SOURCE MATERIAL:
++++

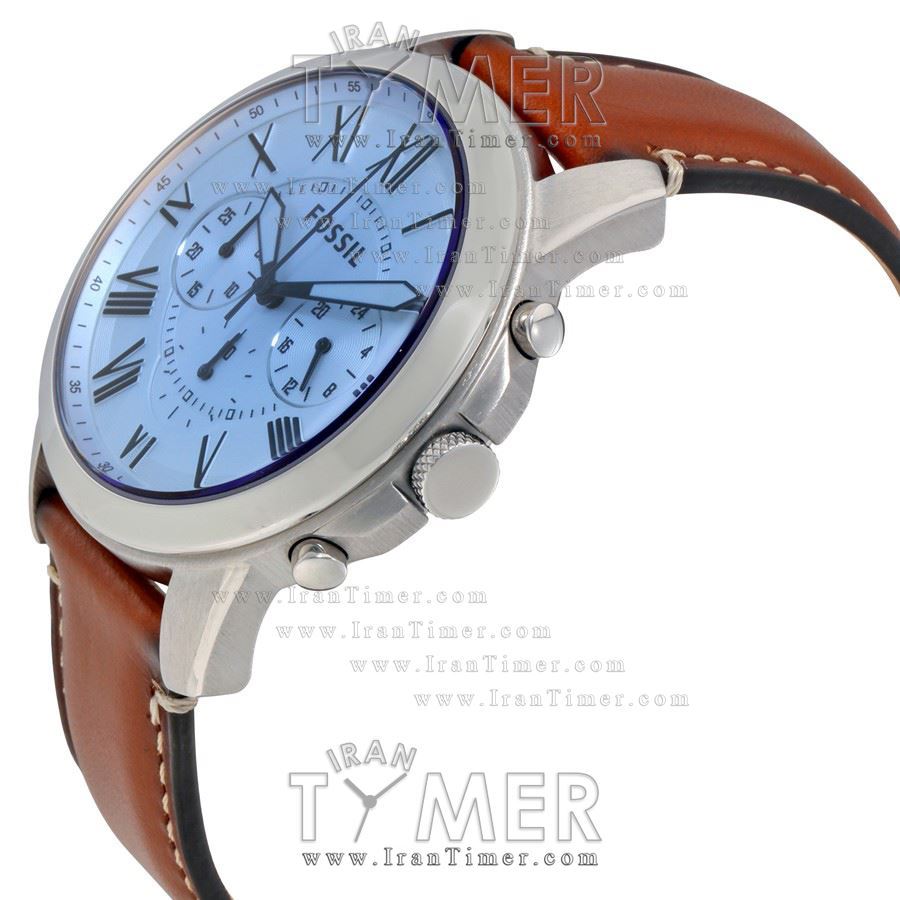 قیمت و خرید ساعت مچی مردانه فسیل(FOSSIL) مدل FS5184 کلاسیک اسپرت | اورجینال و اصلی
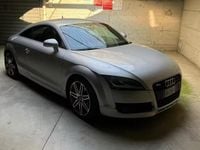 Usata Audi TTS Sport 200 CV (147 kW) 2007 Grigio Coupé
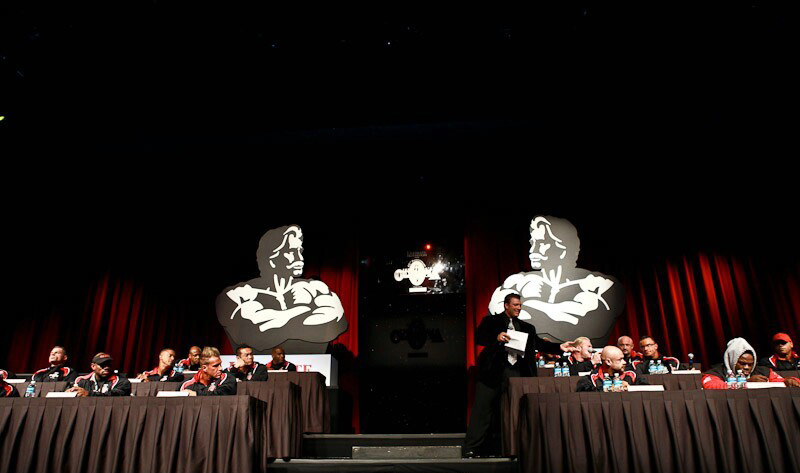 Мистер Олимпия 2010, Mister Olympia, 25 сентября 2010, Лас-Вегас, США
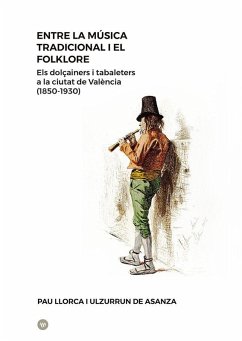 Entre la música tradicional i el folklore Entre la música tradicional i el folklore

++++

WORK INSTRUCTION: Please retype the data exactly. The pictures do not go in.

SOLUTION:
 قیمت و خرید ساعت مچی مردانه فسیل(FOSSIL) مدل FS5184 کلاسیک اسپرت | اورجینال و اصلی
 Usata Audi TTS Sport 200 CV (147 kW) 2007 Grigio Coupé
 Мистер Олимпия 2010, Mister Olympia, 25 сентября 2010, Лас-Вегас, США
 Entre la música tradicional i el folklore Entre la música tradicional i el folklore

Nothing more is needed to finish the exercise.